Expanding fluorescence bioimaging into the second near-infrared spectrum (NIR-II, 1000–1700 nm) unlocks advanced possibilities for diagnostics and therapeutics, offering superior tissue penetration and resolution. 2D copper tetrasilicate (CTS) pigments (MCuSi4O10, M = Ca, Sr, Ba) are known for their brightness and stability, yet synthetic challenges have curbed their integration into bioimaging. Here, flame-spray-pyrolysis (FSP) is introduced as a versatile and scalable synthesis approach to produce ultra-bright, metastable CTS nanosheets (NS) by annealing multi-element metal oxide nanoparticles into 2D crystals through calcination or laser irradiation. Group-II ion incorporation shifts emission into the NIR-II range, with Ba0.33Sr0.33Ca0.33CuSi4O10 peaking at 1007 nm, while minor Mg-doping induces a hypsochromic shift and extends fluorescence lifetimes.
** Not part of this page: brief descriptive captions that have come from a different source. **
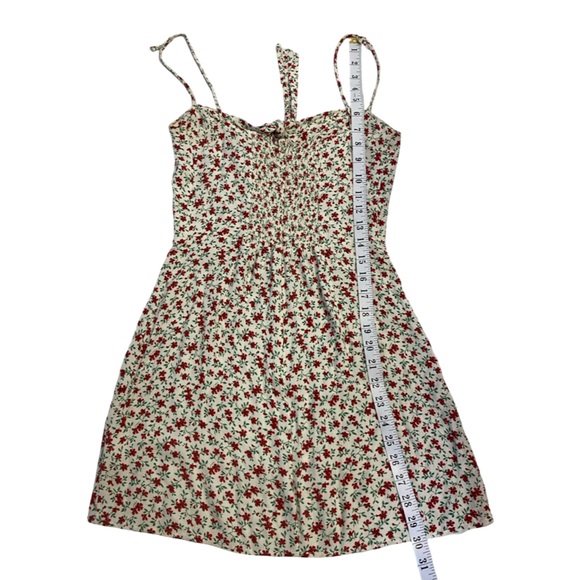 Reformation Helm Mini Dress See Measurements - Picture 13 of 16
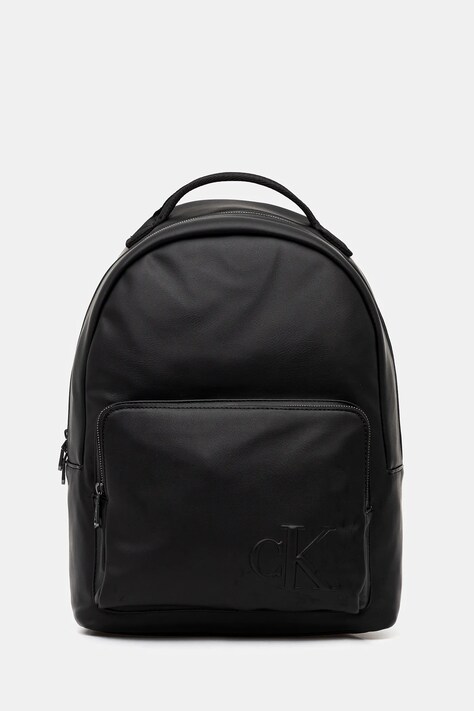 Ruksak Calvin Klein pánsky, čierna farba, veľký, jednofarebná, LV04D3246G
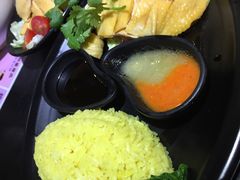 -绿柠食堂(北外滩店)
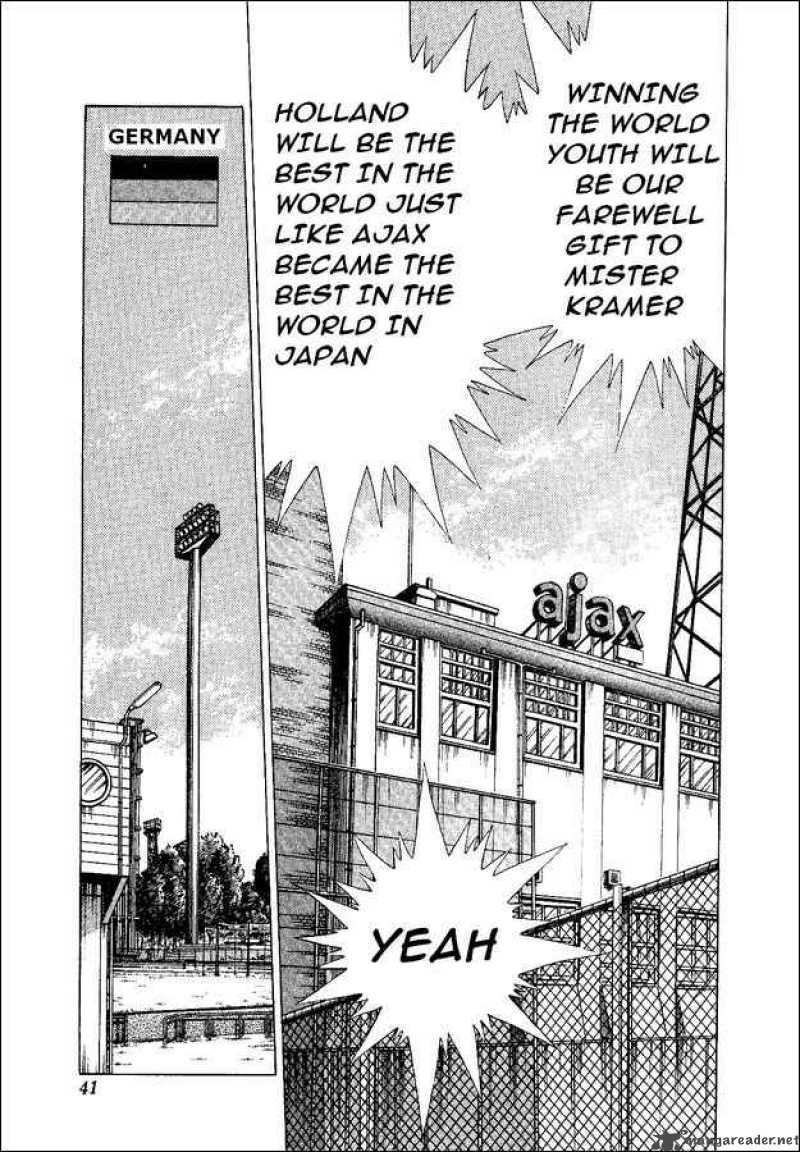Captain Tsubasa World Youth 46 12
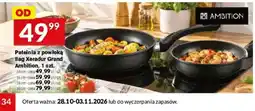 Twój Market Patelnia z powłoką ILAG Xeradur Grand Ambition oferta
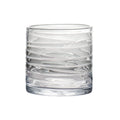Clear Hurricane with Swirl, Medium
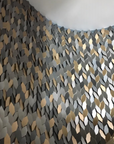PYRAMID B-3D UHPC Concrete Wall Decorative Tile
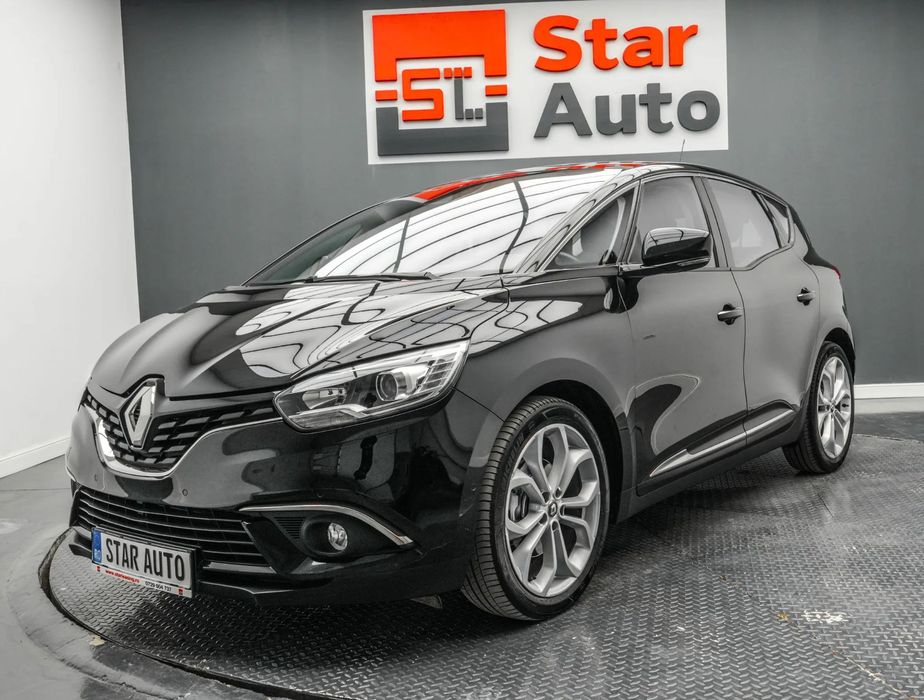 Renault Scenic Scenic - Posibilitate Rate Avans 0 - Garantie 12 Luni - IMPECABILA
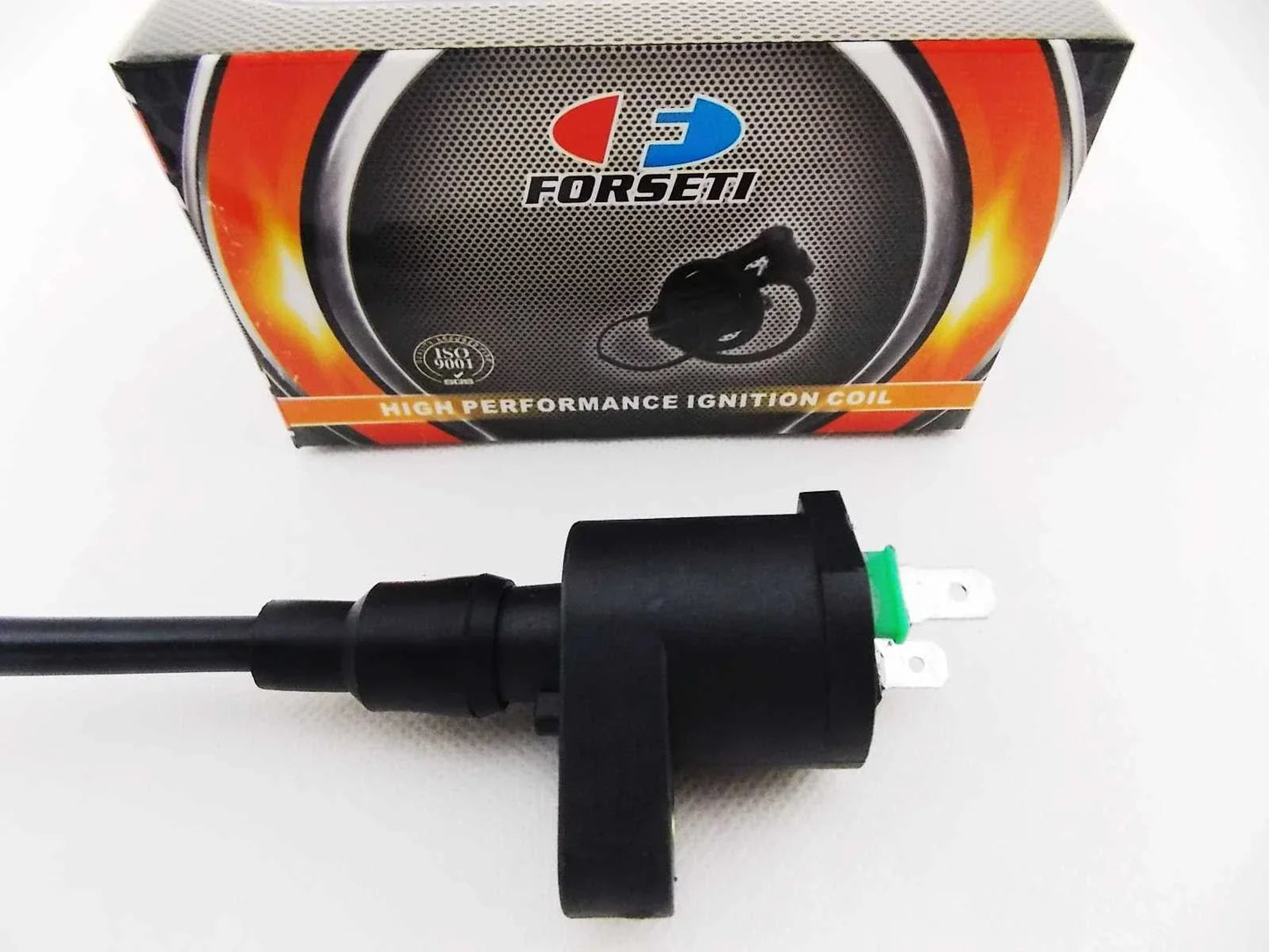 Ignition Coil Spark Plug Cap Assembly for Honda XR600 (1985-2000)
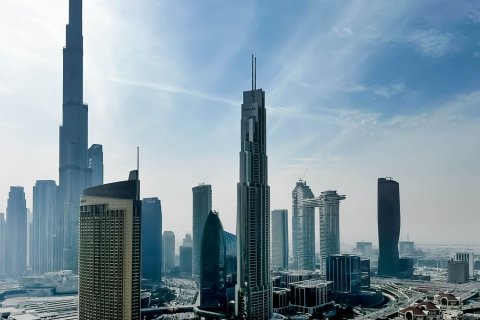 Apartmen di Downtown Dubai (Downtown Burj Dubai), UAE 3 bilik tidur, 159.34 meter persegi № 750935 - foto 16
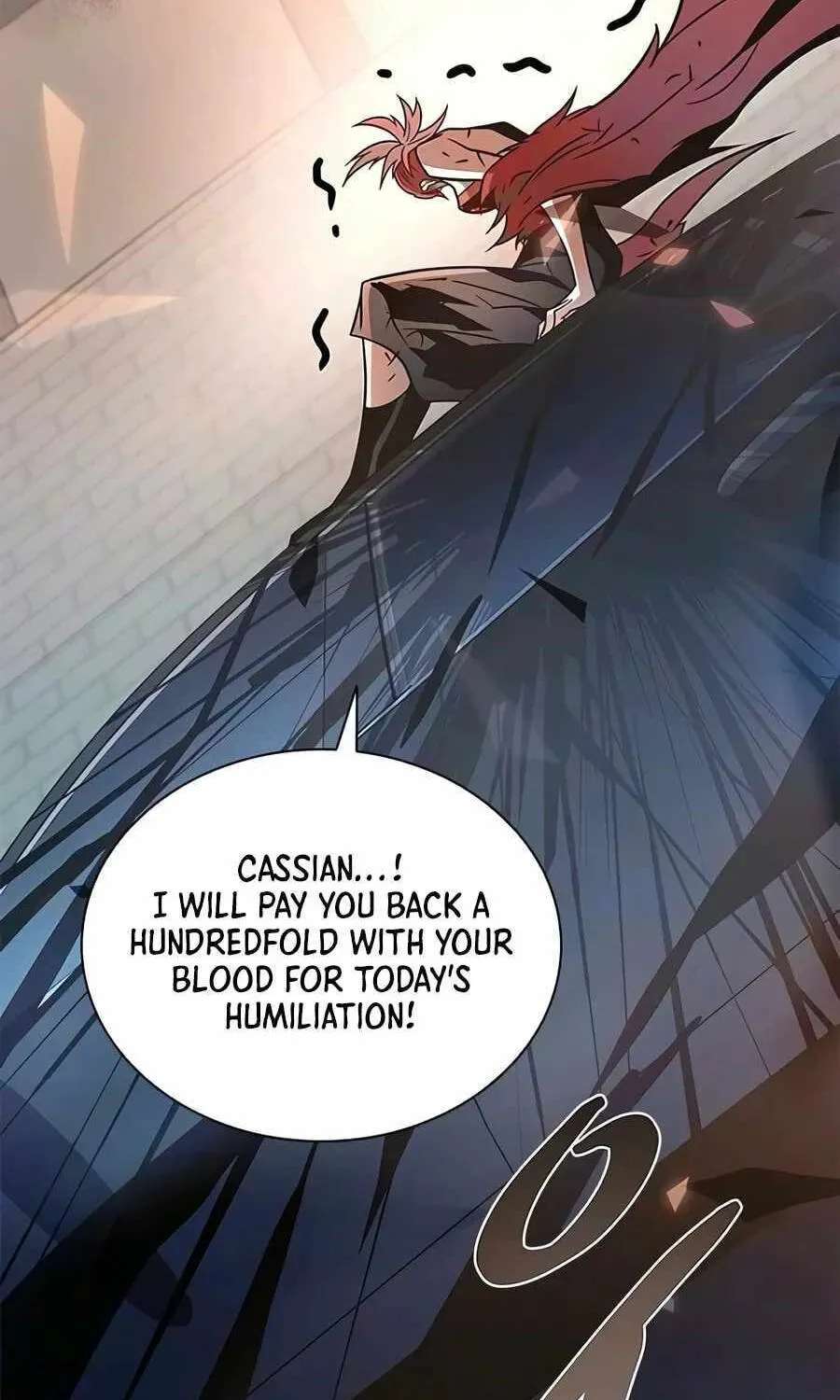 Villain to Kill Chapter 249 - page 8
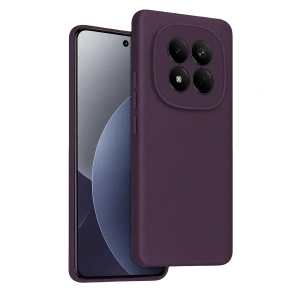 Xiaomi Redmi Note 15 Pro 4g First Silikon - Mürdüm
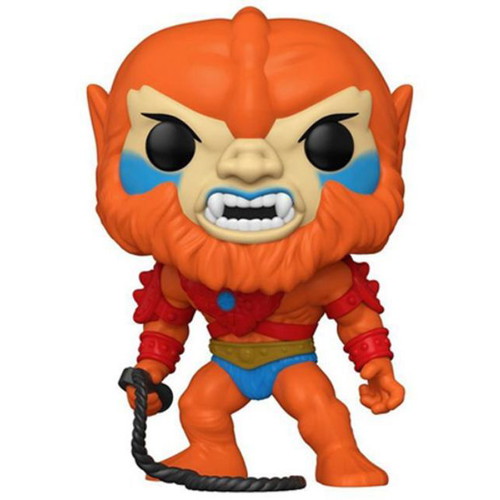 Funko Pop Beast Man 2020 Jumbo Vinyl Figure new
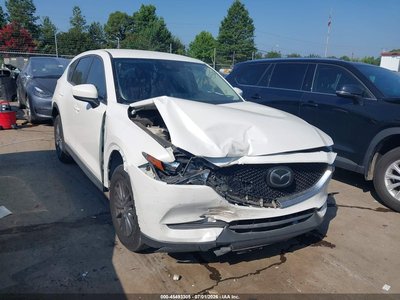 2020 Mazda CX-5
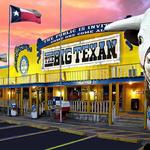 The Big Texan Steak Ranch & Brewery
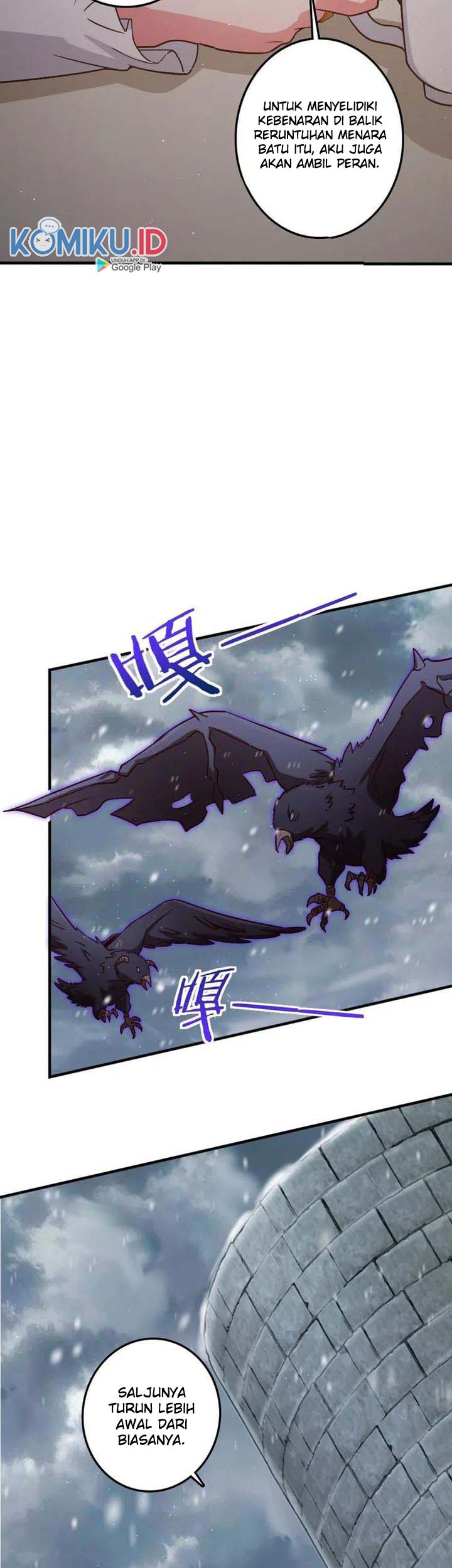 Release That Witch Bab 204 halaman 20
The engineered CTS achieves quantum yields of up to 34%, supporting NS high-frame-rate imaging (> 200 fps). These unique properties enable CTS-NS to serve as powerful contrast agents for super-resolution NIR bioimaging, demonstrated in vivo through transcranial microcirculation mapping and macrophage tracking in mice using diffuse optical localization imaging (DOLI). This pioneering synthesis strategy unlocks wavelength-tunable NS for advanced NIR-II bioimaging applications.